● Record excerpts

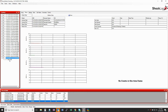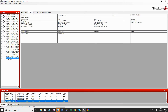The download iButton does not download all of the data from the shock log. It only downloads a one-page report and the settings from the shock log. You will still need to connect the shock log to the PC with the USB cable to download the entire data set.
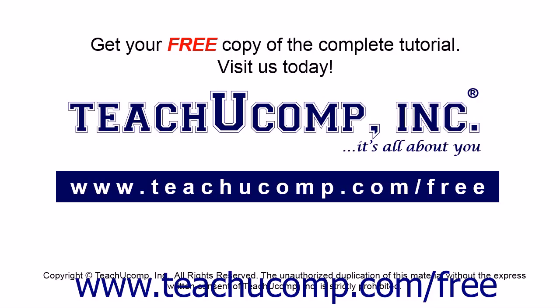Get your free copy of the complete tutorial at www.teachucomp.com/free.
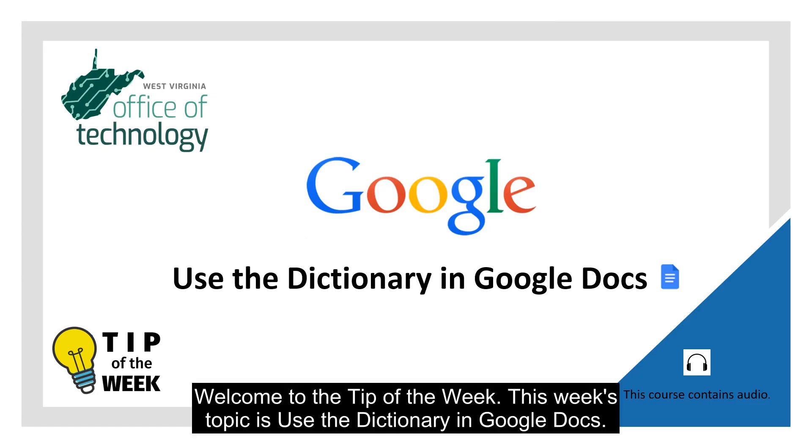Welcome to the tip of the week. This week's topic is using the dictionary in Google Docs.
---
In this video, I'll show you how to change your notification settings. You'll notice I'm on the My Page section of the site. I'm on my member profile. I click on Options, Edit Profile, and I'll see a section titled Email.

● Instructions to follow
Above are records; write out the lines from the one with "The download iButton" down to the one with "Welcome to the", exactly, leaving the pictures out.

● Your response
The download iButton does not download all of the data from the shock log. It only downloads a one-page report and the settings from the shock log. You will still need to connect the shock log to the PC with the USB cable to download the entire data set.
Get your free copy of the complete tutorial at www.teachucomp.com/free.
Welcome to the tip of the week. This week's topic is using the dictionary in Google Docs.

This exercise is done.